Mr Giuseppe Zupičić was born in Labin, Istria, Austra-Hungary (modern-day Croatia) on 19 October 1892, the son of Giuseppe and Marot Zupičić.
Zupičić went to sea around 1909 and worked on ships for the next five years, making an estimated 22 Atlantic crossings.
On 14 April 1912 Zupičić was serving as a steward aboard Carpathia; he had just completed his shift of duty and retired to bed shortly before midnight and fell into a deep sleep. He reportedly awoke when a bell began ringing out on deck. Arriving up on deck, he recalled being addressed by Captain Rostron who advised that the Titanic was in trouble and that Carpathia was turning around to assist her.
Zupičić drifted through different jobs between 1912 and the outbreak of war in Europe in 1914, including dishwashing jobs in New York. The War meant that Carpathia was laid-up in New York so he joined two of his colleagues from the ship, Peter Vlaticich and Antonio Persić in Shamokin, Pennsylvania where they garnered work as miners. A mine explosion in 1921 caused Zupičić serious injury, requiring the amputation of his left forearm; rallying however, two years later he opened his own grocery store, Mom & Pops, in Shamokin which remained in operation for over fifty years. To supplement his earnings, he also worked as a janitor. In 1918 he married local girl Lucille Eccker (b. 1901), the daughter of Slavic immigrants, and the couple raised a family of four children, three daughters and one son.
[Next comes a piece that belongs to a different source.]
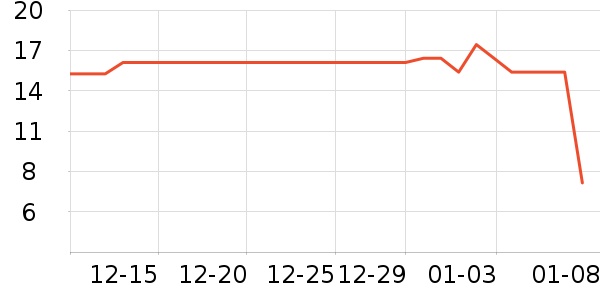 ��ȫ�����ʷ�۸�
Zupičić, who in America was known as Joseph Zupicich, frequently spoke to the press about his experiences and in his later years admitted that the Carpathia medal given to him—and all other members of Carpathia’s crew—had long since been misplaced.
Joseph Zupicich died in Shamokin aged 94 on 12 April 1987 and was buried in St Edward’s Cemetery, Coal Township, Pennsylvania. He is believed to have been the last surviving member of crew from the Carpathia. He was survived by his wife Lucille (who died in 1990) and two children.